A more familiar concept to traditional investors is yield farming, which emerged as a simplified framing of liquidity mining. It refers to strategies that seek passive returns from crypto assets, often without the risk of losing principal when applied to stable pairs or conservative lending. Thanks to the composability and speed of blockchain networks, capital can be strategically deployed across platforms through smart contracts in real time.

The trustless and transparent nature of DeFi enables large pools of capital to coordinate automatically, which gave rise to yield aggregators such as Yearn Finance(YFI). These platforms optimize returns by reallocating funds across multiple protocols based on current yields—ideal for users who want to earn income from idle assets without active management.

In today's rate environment, where U.S. Treasury bonds yield over 4%, this return profile has effectively become a benchmark for capital deployment—even on-chain.
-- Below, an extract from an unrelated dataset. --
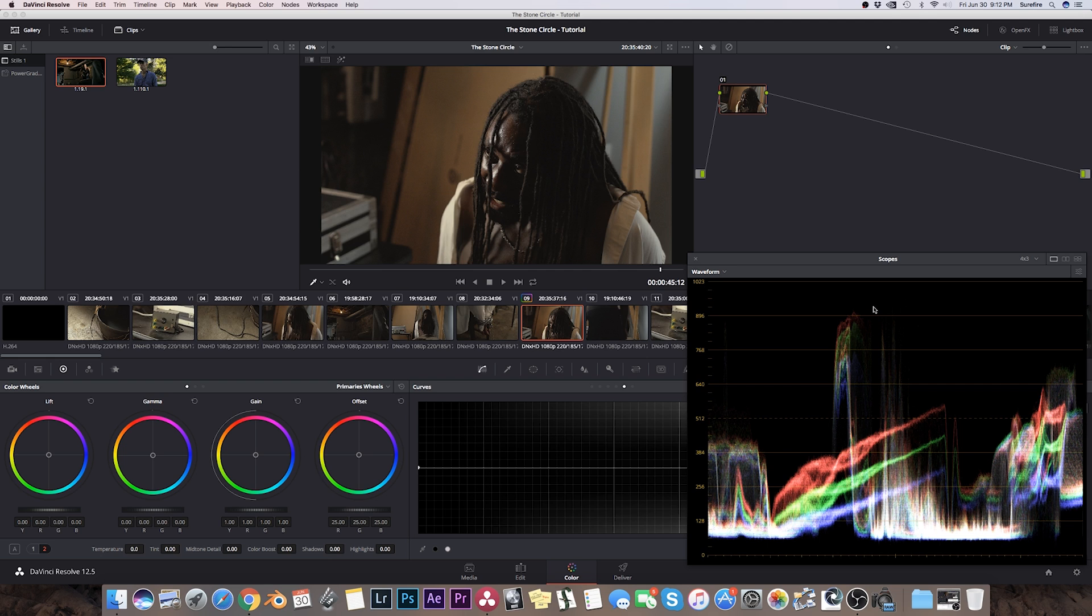For those of you who are not that familiar with the waveform, it's displaying luminance values. Zero is our darkest blacks right there, and the brightest part of the image would be up at this 1023 mark.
DeFi yield strategies now often compete with or complement these returns, with additional premiums linked to factors like liquidity risk and token incentives.

6. Staking

Staking is a foundational mechanism in proof-of-stake (PoS) blockchains where users lock up their tokens to help secure the network. It maintains the integrity of the decentralized ledger by aligning incentives: validators risk their staked assets and are penalized for dishonest behavior, such as submitting invalid data to the chain. In return for participating honestly in block validation, stakers earn rewards, typically issued in the same token they stake.

For example, by staking ETH on Ethereum's PoS network, users receive ETH-denominated yield. However, traditional staking comes with a drawback: assets become illiquid during the lock-up period, making them unavailable for trading or other use.
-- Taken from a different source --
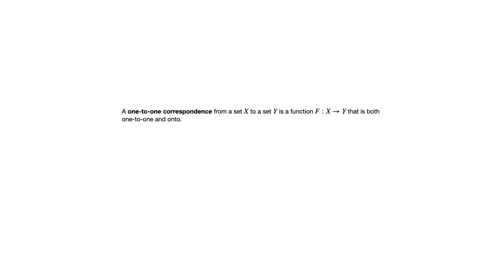Because remember, to be a function, you cannot have the same input paired with different outputs.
This limitation gave rise to liquid staking protocols. In liquid staking, users receive a liquid token in exchange for their staked assets—a token that reflects both the principal and the accumulating rewards. These tokens can be traded, used as collateral, or deployed in other DeFi strategies, all while the original stake remains active and continues earning yield. In effect, liquid staking unlocks the capital efficiency of staked assets.

A leading example is Lido (LDO), the largest liquid staking provider on Ethereum and several other networks. With Lido, users can stake any amount of ETH and receive stETH (staked ETH) at a 1:1 ratio. The value of stETH increases over time as rewards accumulate, and it can be used across various DeFi platforms or swapped at any time to regain liquidity—offering flexibility without sacrificing yield.

7. Real-World Assets (RWA)/ Tokenized Assets

Real-World Assets (RWA) refer to the tokenization of traditional financial and physical assets—such as cash, government bonds, stocks, real estate, or commodities—onto the blockchain. As a major category within tokenized assets, RWAs have attracted growing attention since 2024, especially as DeFi protocols seek to expand beyond purely crypto-native instruments.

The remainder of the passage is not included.